Ivy Bridge搭載モデルが各メーカーから発表され、ますます盛り上がるUltrabook。そろそろ「知らない」ではすまされない! そんなわけでこの連載では最初の数回はUltrabookの基礎知識を紹介し、その後、使う上で役立つTIPSやベンチマークなどをお届けしていく。
今一番ホットなキーワード
“Ultrabook”とは何か?
ここ最近、パソコン関連の記事や広告で“Ultrabook”というキーワードをよく見かける。インテル社のテレビCMも流れているので、パソコンに興味はないが知っているという人も多いだろう。Ultrabookを簡単に言うと、一定条件を満たした薄型軽量ノートパソコンのカテゴリーのこと。これまでもモバイルノートのようにノートパソコンの中の1ジャンルを示す単語はあったが、明確な基準がなく製品による性能差が大きかった。

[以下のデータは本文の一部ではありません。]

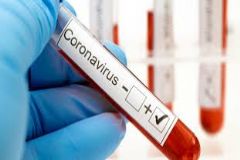 Hospital das Clínicas registra mais uma morte de morador de Botucatu infectado por coronavírus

Ultrabookはスペックの下限などが定義されているため、Ultrabookの名を冠している製品であれば一定水準以上の本体スペックとモバイル性能が保証される。そのため、ユーザーはパソコンに詳しくなくても製品を選びやすくなり、安心して購入できるというわけだ。
Ultrabookの定義はこれだ!
Ultrabookノートパソコンを銘打つには、あらかじめ定義されたスペックを満たしている必要がある。このスペックは……
- CPUに第2世代以降のIntel Coreシリーズプロセッサを搭載
- バッテリー駆動時間5時間以上
- 本体の高さは21mm以下(液晶が14型未満の場合は18mm以下)
- 休止状態から7秒以内の復帰
- Wi-Fi通信機能必須
となっている。Intel Coreシリーズが必須なことから、処理速度はWindows 7の動作に必要十分なレベルが確保されるほか、休止状態から7秒以内の復帰が必須のために、ストレージはほとんどの製品がSSDを採用している。そのため、動作速度に関しては小型ノートとしては申し分のないものが保証されている。ノートパソコンの使用目的がウェブブラウジング、動画再生、一般的なオフィスアプリといった軽めのものがメインであれば、動作速度に関する心配はまったくなしと言えるだろう。
また、本体のサイズやバッテリー駆動時間が定義に含まれていることから、モバイル利用が重要視されていることがわかる。持ち運べるノートパソコンが欲しい人は、Ultrabookの中から製品を選ぶのが賢明だ。
なお、Ultrabookに似たようなキーワードとして、一昔前に“ネットブック”が流行したが、ネットブックは「比較的安価で小型軽量なインターネット特化ノート」だったため、スペックに関して明確な定義がなかった。そのため、中にはスペックが快適と言うにはほど遠い製品もあり、利用用途のミスマッチから買ったあとに後悔したという意見も少なくなかった。そんなネットブックユーザーの不満をフィードバックし、Ultrabookではどんな製品でも快適動作が行なえるスペックが確保されている。
Ultrabookはモバイルノートや省スペースノートを求めるユーザーには、とても魅力にあふれたものとなっている。ある程度だが基本スペックが決まっているため、パソコンにあまり詳しくない人にとっても心強い。
あの「Centrino」の成功再び?
ちなみに、Ultrabookを提唱したのはパソコンのCPUなどを手がけるインテル社だが、9年ほど前にもインテル製のCPU、チップセット、無線LANモジュールで構成されたモバイルノート“Centrino”ブランドで同じような戦略を展開し、ブランド浸透を成功させたことがある。
“セントリノ、セントリノ、セントリーノー……”と、Centrinoを連呼するテレビCMを覚えている人も多いのではないだろうか? あのときは「セン“トリ”ノ」に引っかけて「鳥」がイメージキャラクターだったが、今回のUltrabookでは「ウル“トラ”ブック」で「虎」がイメージキャラクターになっている。
新旧ともにブランド名連呼、キャラクターが謎のダンスを踊るなど、内容がほとんど同じというのも面白い。古いテレビCMだがYouTubeで検索するとヒットするので、見比べてみるのも一興だ(関連記事)。